Bölge İdare Mahkemesi kararının özeti: İstinaf başvurusuna konu Vergi Mahkemesi kararının hukuka ve usule uygun olduğu ve davalı idare tarafından ileri sürülen iddiaların söz konusu kararın kaldırılmasını sağlayacak nitelikte görülmediği belirtilerek istinaf başvurusunun reddine karar verilmiştir.
TEMYİZ EDENİN İDDİALARI: Her ne kadar Mahkeme tarafından, düzenlenen adres tespit tutanağının ..., .... sayılı ceza ihbarnameleri için düzenlendiğinin tespit edilemediği belirtilmiş ise de söz konusu ihbarnamelerin ve tebliğ alındısının ... Vergi Dairesi Müdürlüğü tarafından düzenlendiği, ... tarih ve ... sayılı yazı ekinde Kasımpaşa ... Dairesi Müdürlüğüne gönderildiği adres tespit tutanağı ve ihbarnameler üzerinde aynı adresin bulunduğu hususları birlikte dikkate alındığında, düzenlenen adres tespit tutanağının ... sayılı ceza ihbarnameleri için düzenlendiğini açıkça gösterdiği, ayrıca 213 Sayılı Vergi Usul Kanunu'nun 103. maddesinde 7061 sayılı kanun ile yapılan değişiklik gereği adrese ilk seferinde yapılan tebligatın Kanunda belirtildiği şekilde yapılmadığı belirtilmiş ise de idarenin iş ve işlemlerinde devamlılğın esas olduğu, bu nedenle 05/10/2016 tarihli adres tespit tutanağı ile yapılan adreste bulunmama tespitinin, adrese 1.defa gidildiği, 08/08/2018 tarihinde yapılan tespitin ise adrese 2. defa gidilmiş olarak kabul etmenin devamlılık ilkesi gereği olduğu, adres tespit tutanağı ile yapılan ve 1. tespit sayılması gereken tespitin hiç yapılmamış sayılmasının hukuka aykırı olduğu iddialarıyla kararın bozulması istenilmektedir.
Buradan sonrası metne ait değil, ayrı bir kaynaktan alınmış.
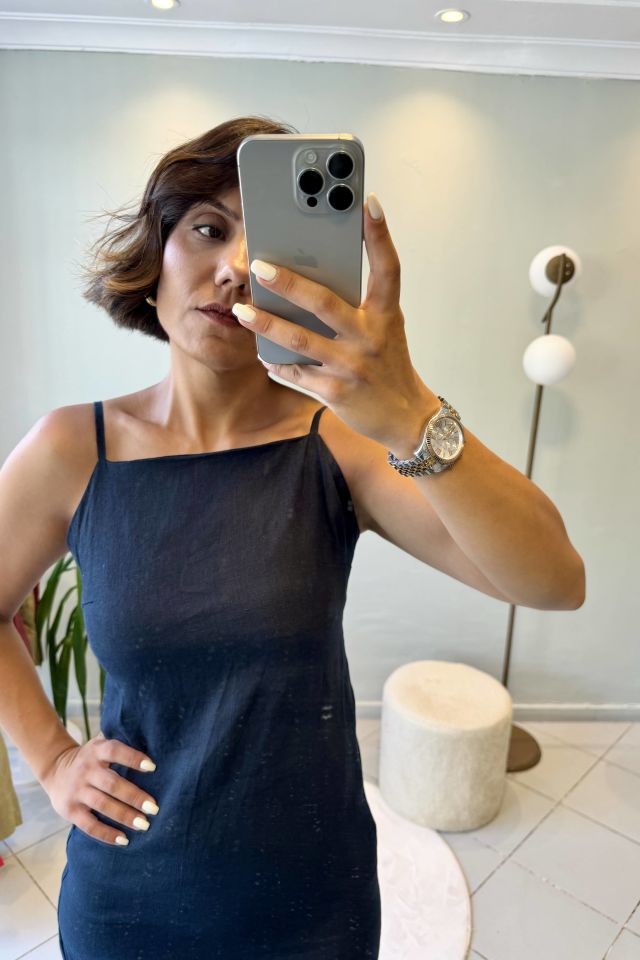 Keten Sırt Dekolteli Midi Yırtmaçlı Elbise Lacivert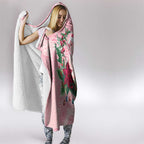 Watercolor Pink Galah Flowers Hooded Blanket Australia Christmas Vibes - Aussie Hoodie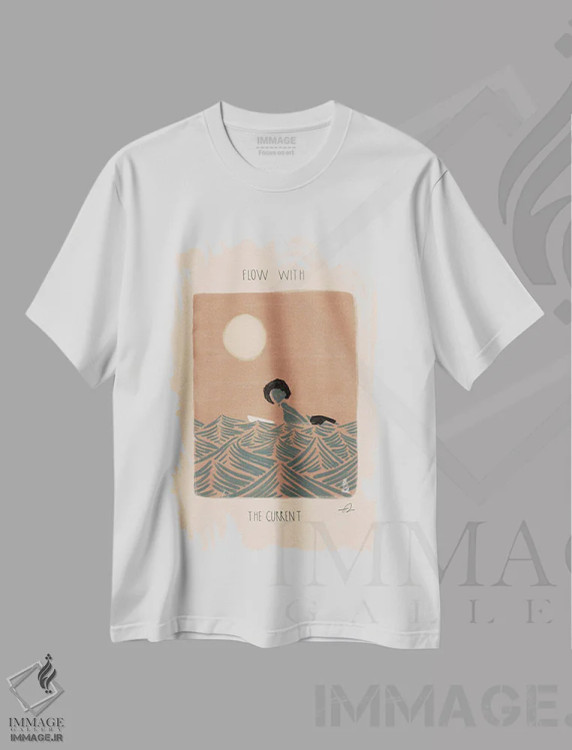 تیشرت سفید طرح دار با جریان همراه شو، دکور ساحلی اثر فابیان لاواتر | immage.ir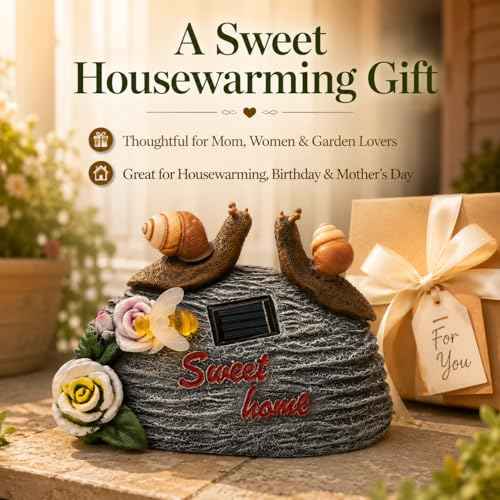 Solar Garden Snail Statue with Sweet Home Sign, Cute Resin Snail Outdoor Decorations with Bee Light for Patio Yard Lawn Porch, Housewarming Gifts for Mom Women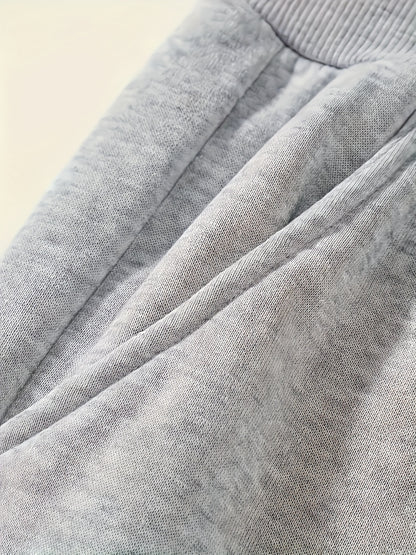 Casual Hoodie And Sweatpants Set - Fleece Lining, Long Sleeves, Printed Design | Machine Washable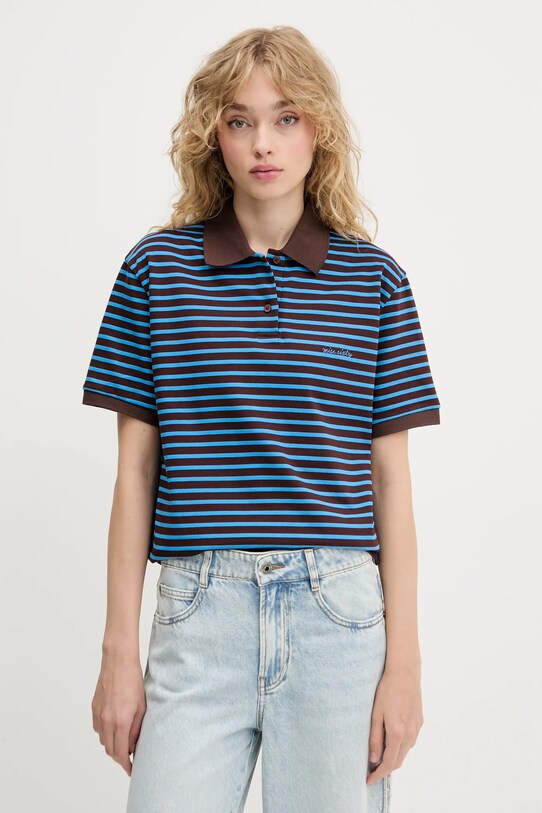 Miss Sixty polo bawełniane wzorzyste niebieski 6S2SJ0590J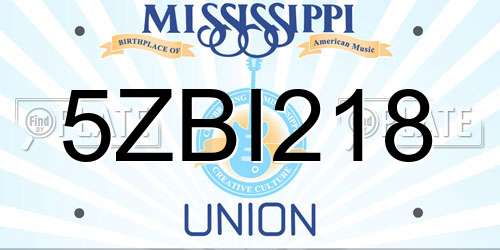 5ZBI218 Mississippi License Plate
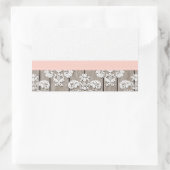 Blush Roze Houten Kant Rustiek Rechthoekige Sticker (Tas)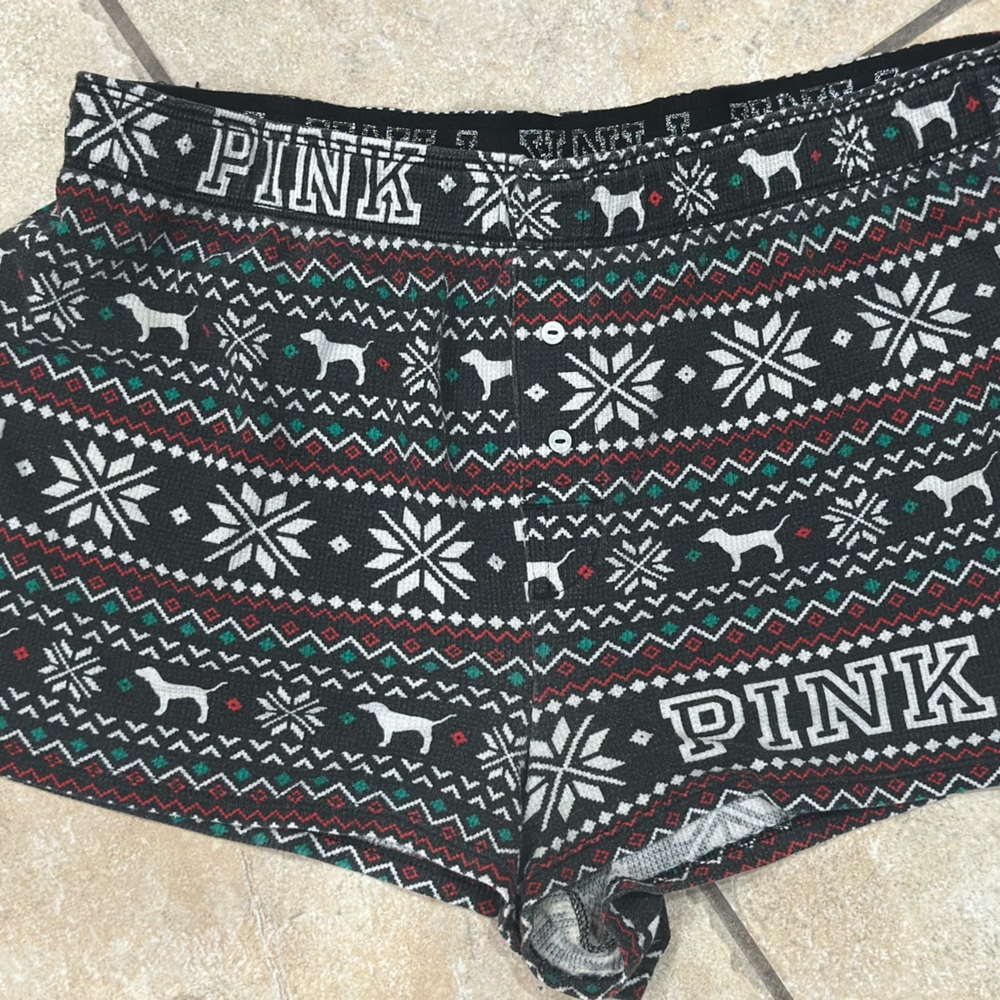 PINK Victoria's Secret Patterned Thermal Pajama Shorts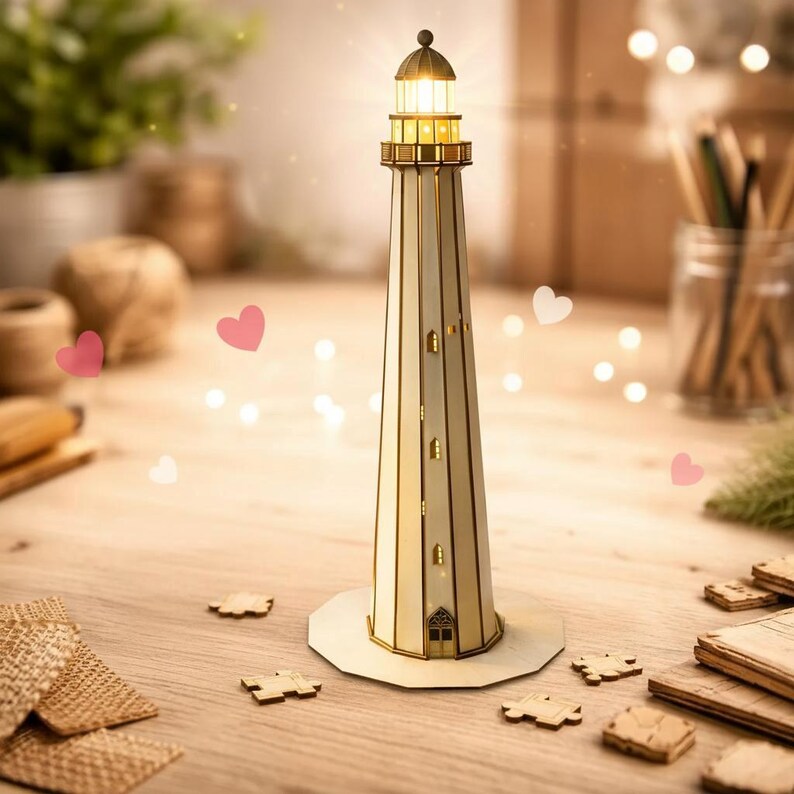Nautical Lighthouse Lamp SVG | 3D Laser Cut File, Coastal Decor Lantern ...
KARŞI TARAFIN SAVUNMASI: Savunma verilmemiştir.
DANIŞTAY TETKİK HÂKİMİ ...'İN DÜŞÜNCESİ: Temyiz isteminin reddi ile usul ve yasaya uygun olan Bölge İdare Mahkemesi kararının onanması gerektiği düşünülmektedir.
TÜRK MİLLETİ ADINA
Karar veren Danıştay Dokuzuncu Dairesince, Tetkik Hâkiminin açıklamaları dinlendikten ve dosyadaki belgeler incelendikten sonra gereği görüşüldü:
HUKUKİ DEĞERLENDİRME:
Bölge idare mahkemelerinin nihai kararlarının temyizen bozulması, 2577 sayılı İdari Yargılama Usulü Kanunu'nun 49. maddesinde yer alan sebeplerden birinin varlığı hâlinde mümkündür.
Dava konusu ödeme emrinin dayanağı olan ihbarnamelere karşı açılan davada ihbarnamelerin usulüne uygun tebliğ edilmediği kabul edilmek suretiyle ıttıla tarihi esas alınarak davanın kabulü yolunda verilen (... Bölge İdare Mahkemesi .... Vergi Dava Dairesinin .... tarih ve E:..., K:... sayılı) karara karşı yapılan temyiz başvurusu üzerine Dairemizin ... tarih ve E:..., K: ... sayılı kararı ile davacının ... Adi Ortaklığının sahte belge düzenleme fiiline iştirak ettiği kanaatine varıldığından, Bölge İdare Mahkemesi kararının, dava konusu vergi ziyaı cezası tutarlarının doğruluğunun araştırılması suretiyle yeniden bir karar verilmek üzere bozulduğu anlaşılmıştır.
Bu nedenle temyizen incelenen karar usul ve hukuka uygun olup, dilekçede ileri sürülen temyiz nedenleri kararın bozulmasını gerektirecek nitelikte görülmemiştir.
KARAR SONUCU:
Açıklanan nedenlerle;
1.Davalının temyiz isteminin reddine,
2.... Bölge İdare Mahkemesi .... Vergi Dava Dairesinin ... tarih ve E:..., K:... sayılı kararının ONANMASINA,
3.2577 sayılı İdari Yargılama Usulü Kanunu'nun 50. maddesi uyarınca, onama kararının taraflara tebliğini ve bir örneğinin de .. Bölge İdare Mahkemesi .... Vergi Dava Dairesine gönderilmesini teminen dosyanın .... Vergi Mahkemesine gönderilmesine, 31/03/2022 tarihinde kesin olarak oybirliğiyle karar verildi.